Catholics are no strangers to protests, and even nuns and priests have been arrested on occasion during protests. This week, an 83-year-old nun was convicted for her participation in a break-in protest at a nuclear facility last July.
According to a BBC News report, Sister Megan Rice and two other protesters, Michael Walli and Greg Boertje-Obed, were convicted this week of sabotage and depredation of government property. The trio cut a fence and broke into the Y-12 facility in Oak Ridge, Tennessee, which processes and stores uranium for use in nuclear weapons. They threw baby bottles filled with human blood onto the walls of the facility.

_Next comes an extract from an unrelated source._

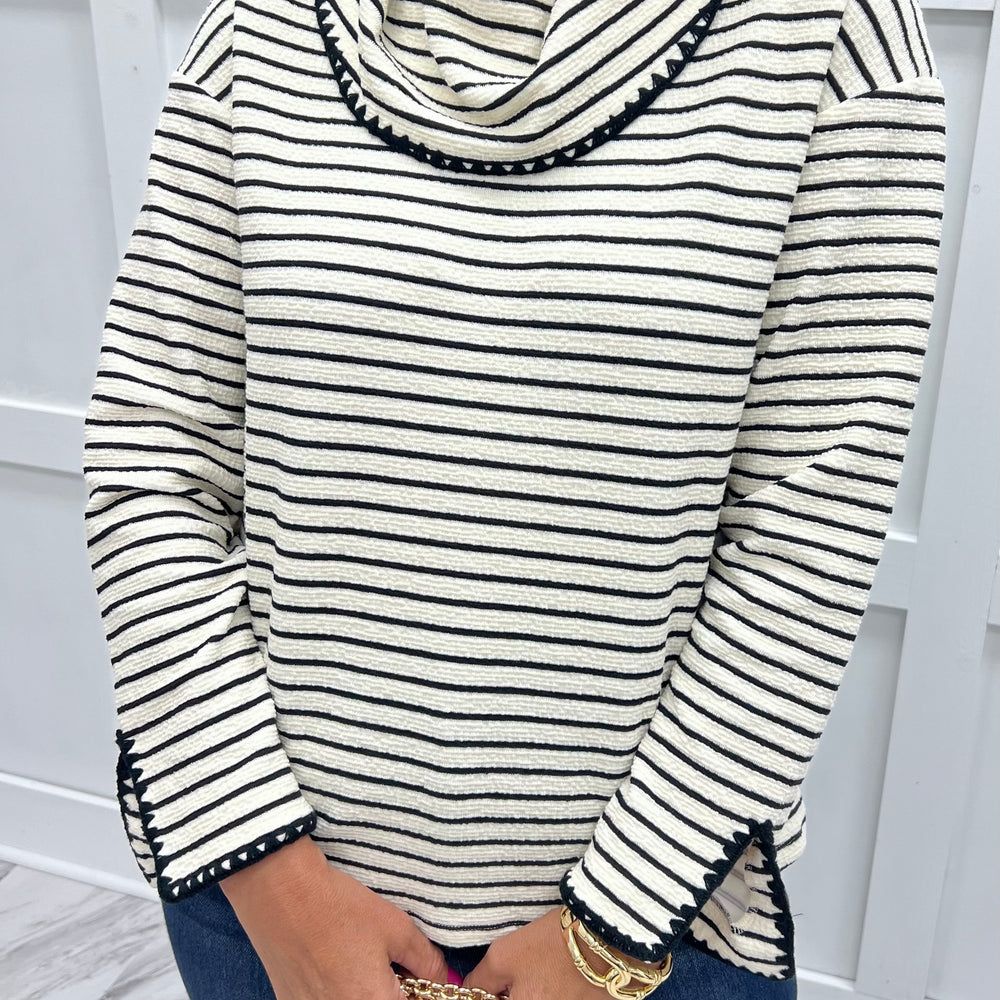 
                  
                    Line By Line Stripe Cowl Neck Top (Ivory)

The protesters are part of a group called Transform Now Plowshares. The group issued a statement in conjunction with the protest, stating that the facility is “an ongoing criminal endeavor in violation of international al treaty law…” From a separate statement:
We come to the Y-12 facility because our very humanity rejects the designs of nuclearism, empire and war. Our faith in love and nonviolence encourages us to believe that our activity here is necessary; that we come to invite transformation, undo the past and present work of Y-12; disarm and end any further efforts to increase the Y-12 capacity for an economy and social structure based upon war-making and empire-building.
Sister Rice is well-known for her anti-war activism. According to a New York Times feature on Rice published in August 2012, she has been arrested “40 or 50 times” for civil disobedience.
Rice and her fellow protesters now face up to 20 years in prison for what authorities believe is one of the most serious U.S. nuclear facility security breaches in history.